Maka nggak heran kalo orang bisa saja secara sistemik mampu meraih gelar sarjana, katakanlah sebagai sebuah ukuran dalam pencapaian berbasis kecerdasan intelektual. Tapi belum tentu yang bersangkutan benar-benar cerdas dan mumpuni, apalagi jika berada di luar bidangnya. Nggak heran jika ada orang terdidik semacam itu percaya bahwa matahari mengelilingi bumi, bumi itu datar, evolusi manusia hanyalah teori, komunisme harus dan hanya bisa dilawan dengan penguatan Pancasila, tidak beragama sama dengan tidak bertuhan, dan sebagainya.

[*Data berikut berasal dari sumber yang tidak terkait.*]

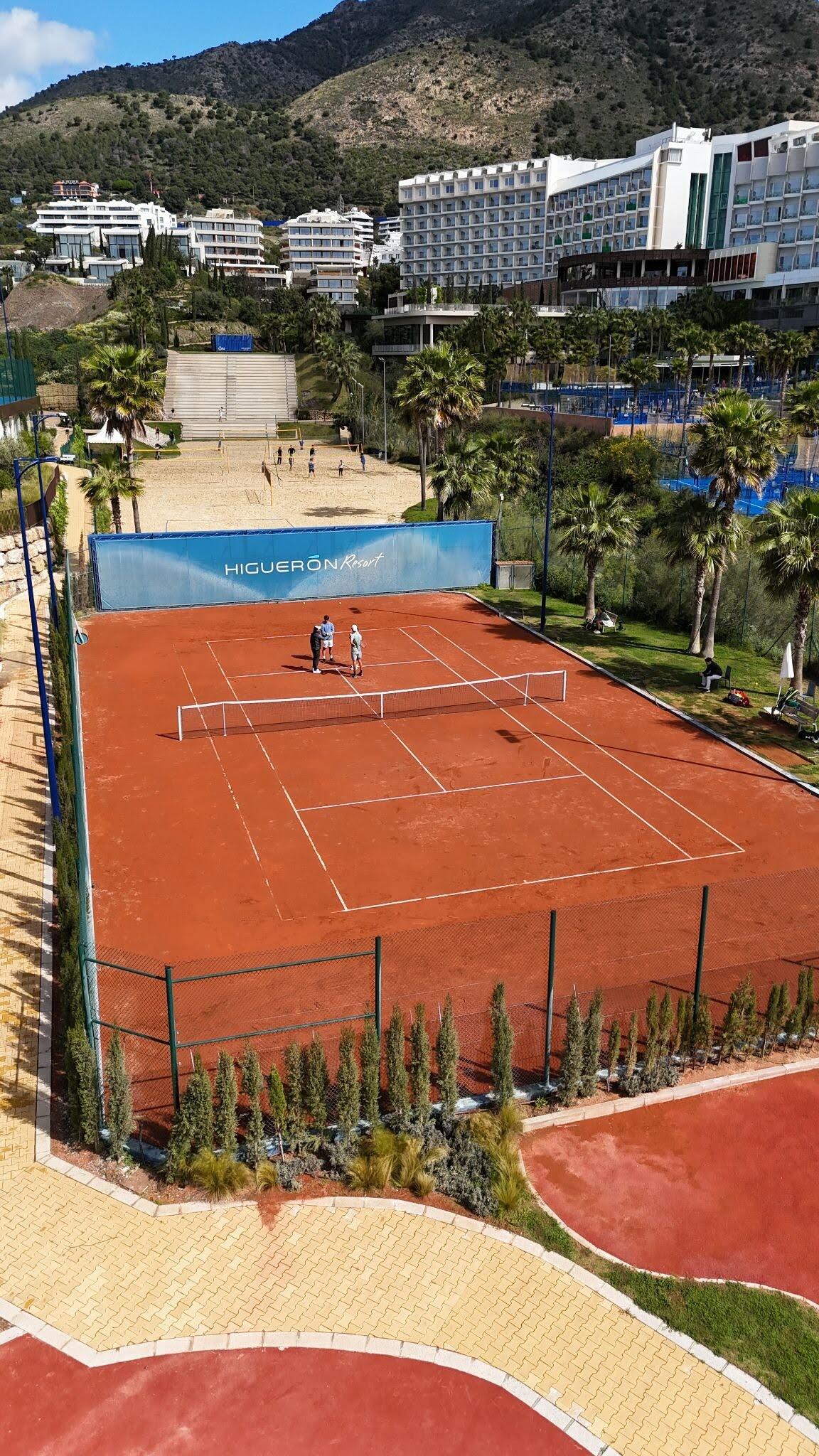 Pista de tenis de tierra batida del Higuerón Tennis Center, con jugadores y el resort al fondo, en la Costa del Sol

Pola pikir semacam itu, entah situ bilang benar atau salah adalah cermin kecerdasan kognitif yang berlaku di masyarakat. Kalo apa-apa dikaitkan dengan iman, bahkan untuk urusan sepele dengan common sense sekalipun, ya berarti otaknya nggak pernah dipake. Mau mikir kok takut salah.
"The trouble with the world is that the stupid are cocksure and the intelligent are full of doubt." ~Bertrand Russell
Itu semua ironis sih, sebab pada saat kita masih harus bisa memberi kontribusi lebih kepada dunia dengan bernalar sehat justru kita saat ini lebih demen ngejar-ngejar sorga. Padahal dengan berpikir kritis dan kreatif, serta memelihata empati maka tidak ada persoalan yang tidak dapat diselesaikan. Disitulah pentingnya sisi emosional sebagai sebuah kecerdasan. Memelihara gagasan secara bertanggung jawab dan dewasa dengan menerima perbedaan. Bukannya malah balik punggung mengecam sambil buang badan. Maka percuma juga ngaku cerdas, kalo apa-apa masih baperan sentitit. Percuma juga ngaku punya kapling surga dan bersyukur buat diri sendiri, jika empati terhadap orang lain aja nggak punya. Lah, terus situ beneran cerdas gitu? Mosok seh?